Note that the SAX parser model, which follows recurse-in-the-acceptor, addresses the fixed-order problem by having multiple visit methods for nodes with children: it has
startElement as well as
endElement, and the like.
The other problem with this approach is that not every visitor needs to visit every node. Some may only need to go so deep. That brings us to the recurse in the visitor approach, which I would consider the recommended one for programming language processors.
Recurse in the Visitor
This approach has the advantage that the
accept method is always the trivial
v.visit(this), and the visitors can be written in a more natural style:
public class TextFormatter implements Visitor
{
private StringBuffer m_buff = new StringBuffer();
private String m_result = null;
public void visit(Atom a)
{
m_buff.append(a.value);
}
public void visit(Pair p)
{
m_buff.append("(");
p.car.accept(this);
m_buff.append(",");
p.cdr.accept(this);
m_buff.append(")");
}
public String toString()
{
if(m_result == null)
m_result = m_buff.toString();
return m_result;
}
}
Is this what I'd like to write as a functional programmer?
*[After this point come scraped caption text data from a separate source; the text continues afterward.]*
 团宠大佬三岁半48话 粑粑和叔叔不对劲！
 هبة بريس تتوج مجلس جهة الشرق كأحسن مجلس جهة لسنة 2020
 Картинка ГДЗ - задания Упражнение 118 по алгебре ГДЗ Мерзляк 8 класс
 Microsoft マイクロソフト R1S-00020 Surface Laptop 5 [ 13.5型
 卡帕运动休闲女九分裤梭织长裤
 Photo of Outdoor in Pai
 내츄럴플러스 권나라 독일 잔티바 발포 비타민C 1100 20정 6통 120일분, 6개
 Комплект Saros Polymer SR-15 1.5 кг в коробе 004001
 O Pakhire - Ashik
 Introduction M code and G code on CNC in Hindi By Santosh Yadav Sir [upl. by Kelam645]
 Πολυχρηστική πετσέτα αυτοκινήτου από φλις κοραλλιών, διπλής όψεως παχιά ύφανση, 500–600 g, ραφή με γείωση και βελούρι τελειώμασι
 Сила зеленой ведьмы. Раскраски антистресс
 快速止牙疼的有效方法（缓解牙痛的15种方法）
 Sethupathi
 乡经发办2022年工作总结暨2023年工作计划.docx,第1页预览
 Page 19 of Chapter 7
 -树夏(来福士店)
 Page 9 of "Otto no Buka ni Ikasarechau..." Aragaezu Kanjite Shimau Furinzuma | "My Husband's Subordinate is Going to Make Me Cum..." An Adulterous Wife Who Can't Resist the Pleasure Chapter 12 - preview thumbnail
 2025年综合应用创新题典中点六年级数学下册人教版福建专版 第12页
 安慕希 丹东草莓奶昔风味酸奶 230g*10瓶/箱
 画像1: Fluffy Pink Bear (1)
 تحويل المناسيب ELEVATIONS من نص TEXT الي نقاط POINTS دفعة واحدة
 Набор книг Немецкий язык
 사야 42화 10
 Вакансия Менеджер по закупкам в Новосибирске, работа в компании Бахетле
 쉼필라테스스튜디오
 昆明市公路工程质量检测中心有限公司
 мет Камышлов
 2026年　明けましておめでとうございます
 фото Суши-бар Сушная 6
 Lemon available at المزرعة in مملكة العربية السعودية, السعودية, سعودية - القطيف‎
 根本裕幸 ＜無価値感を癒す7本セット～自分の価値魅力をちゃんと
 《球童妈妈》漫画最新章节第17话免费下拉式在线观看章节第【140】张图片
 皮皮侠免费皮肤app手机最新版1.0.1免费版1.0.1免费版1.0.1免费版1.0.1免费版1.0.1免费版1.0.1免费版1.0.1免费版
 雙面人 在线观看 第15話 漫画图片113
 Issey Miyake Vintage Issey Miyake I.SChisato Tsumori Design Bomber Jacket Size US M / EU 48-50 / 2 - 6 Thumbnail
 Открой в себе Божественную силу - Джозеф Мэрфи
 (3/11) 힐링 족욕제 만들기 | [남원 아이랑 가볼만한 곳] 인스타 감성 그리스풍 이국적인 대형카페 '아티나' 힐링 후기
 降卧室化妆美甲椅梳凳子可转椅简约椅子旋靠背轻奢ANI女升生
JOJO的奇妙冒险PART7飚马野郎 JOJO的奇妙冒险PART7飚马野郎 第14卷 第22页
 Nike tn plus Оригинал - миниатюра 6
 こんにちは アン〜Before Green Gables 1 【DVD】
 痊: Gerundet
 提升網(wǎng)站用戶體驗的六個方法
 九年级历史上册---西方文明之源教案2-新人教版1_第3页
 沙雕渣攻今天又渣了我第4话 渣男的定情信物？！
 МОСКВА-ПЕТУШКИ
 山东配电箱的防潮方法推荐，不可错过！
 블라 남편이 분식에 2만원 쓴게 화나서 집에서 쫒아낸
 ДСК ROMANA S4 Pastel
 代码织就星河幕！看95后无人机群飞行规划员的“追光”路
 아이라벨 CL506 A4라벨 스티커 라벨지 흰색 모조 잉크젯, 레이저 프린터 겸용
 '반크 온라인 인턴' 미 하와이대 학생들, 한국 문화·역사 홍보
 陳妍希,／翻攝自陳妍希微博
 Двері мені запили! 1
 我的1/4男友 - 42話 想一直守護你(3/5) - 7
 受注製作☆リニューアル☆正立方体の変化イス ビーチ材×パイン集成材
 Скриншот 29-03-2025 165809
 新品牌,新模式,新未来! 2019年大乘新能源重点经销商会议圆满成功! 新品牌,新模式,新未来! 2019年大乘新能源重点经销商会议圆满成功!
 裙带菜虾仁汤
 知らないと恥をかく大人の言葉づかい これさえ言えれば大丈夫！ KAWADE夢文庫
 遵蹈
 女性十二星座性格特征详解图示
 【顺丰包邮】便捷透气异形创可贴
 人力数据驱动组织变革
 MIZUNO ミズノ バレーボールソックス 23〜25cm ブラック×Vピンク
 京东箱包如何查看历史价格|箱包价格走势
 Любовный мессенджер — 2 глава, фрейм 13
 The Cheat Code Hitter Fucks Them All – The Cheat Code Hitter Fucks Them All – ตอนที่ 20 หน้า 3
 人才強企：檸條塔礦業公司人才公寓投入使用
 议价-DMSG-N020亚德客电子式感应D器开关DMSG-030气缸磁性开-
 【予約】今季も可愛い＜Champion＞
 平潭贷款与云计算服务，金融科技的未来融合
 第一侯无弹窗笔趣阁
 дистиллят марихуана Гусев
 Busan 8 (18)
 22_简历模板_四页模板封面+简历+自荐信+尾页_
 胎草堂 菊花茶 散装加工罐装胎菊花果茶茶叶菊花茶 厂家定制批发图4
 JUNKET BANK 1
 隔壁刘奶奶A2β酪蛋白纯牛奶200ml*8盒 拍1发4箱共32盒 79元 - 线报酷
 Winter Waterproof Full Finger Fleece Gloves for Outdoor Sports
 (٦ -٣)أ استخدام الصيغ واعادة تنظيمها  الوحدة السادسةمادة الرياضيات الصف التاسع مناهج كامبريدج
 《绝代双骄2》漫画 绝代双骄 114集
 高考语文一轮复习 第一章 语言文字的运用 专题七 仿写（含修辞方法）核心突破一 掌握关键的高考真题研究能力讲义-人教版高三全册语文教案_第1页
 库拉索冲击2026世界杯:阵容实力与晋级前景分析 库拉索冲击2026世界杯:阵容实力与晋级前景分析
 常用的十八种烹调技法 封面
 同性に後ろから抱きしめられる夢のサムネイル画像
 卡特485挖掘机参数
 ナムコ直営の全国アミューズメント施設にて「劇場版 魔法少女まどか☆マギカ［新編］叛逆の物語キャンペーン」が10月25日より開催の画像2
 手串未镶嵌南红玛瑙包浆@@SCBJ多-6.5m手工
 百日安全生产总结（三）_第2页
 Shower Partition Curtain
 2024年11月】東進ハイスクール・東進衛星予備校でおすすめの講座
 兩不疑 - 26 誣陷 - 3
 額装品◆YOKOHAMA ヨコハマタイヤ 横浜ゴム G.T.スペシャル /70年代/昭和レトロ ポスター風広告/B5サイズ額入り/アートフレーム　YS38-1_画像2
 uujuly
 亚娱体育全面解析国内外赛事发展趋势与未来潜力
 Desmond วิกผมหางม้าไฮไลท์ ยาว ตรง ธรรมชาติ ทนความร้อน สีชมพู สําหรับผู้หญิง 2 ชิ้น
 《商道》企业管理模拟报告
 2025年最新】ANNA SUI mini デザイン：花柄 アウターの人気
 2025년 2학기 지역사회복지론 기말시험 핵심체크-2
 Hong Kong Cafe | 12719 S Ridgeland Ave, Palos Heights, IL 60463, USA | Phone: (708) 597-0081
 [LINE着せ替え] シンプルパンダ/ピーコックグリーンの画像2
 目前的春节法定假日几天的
Of course not. I'd prefer to have
accept return a value, so I could write
visit(Pair) more like this:
public void visit(Pair p)
{
m_buff.append("("+p.car.accept(this)+","+p.cdr.accept(this)+")");
}
Which of course means that
visit should return a type, instead of accumulating results in a member variable. But then we need to know what type to return, which in Java most likely needs to be
Object. It all gets ugly again.
Conclusion - Still Not Perfect
So, a visitor with recursion in the visitor is acceptable, but still not ideal, and it doesn't come close to the conciseness of pattern matching. The accept method needs to be added to each node class, which is a pain for the rapid prototyping, and the visitor of its nature requires that you accumulate state in member variables instead of using a functional style of combining returned results in a single expression.
Still, I'm just one guy with a certain slice of experience --- is there a better (more compact, less boilerplate) tree traversal technique for OO languages?
Or is this really the ultimate pattern, OO loses this particular battle, and
Nice multi-methods or
Scala case classes or other language extensions become necessary parts of an OO-capable language that supports programming language implementations as well as the functional languages?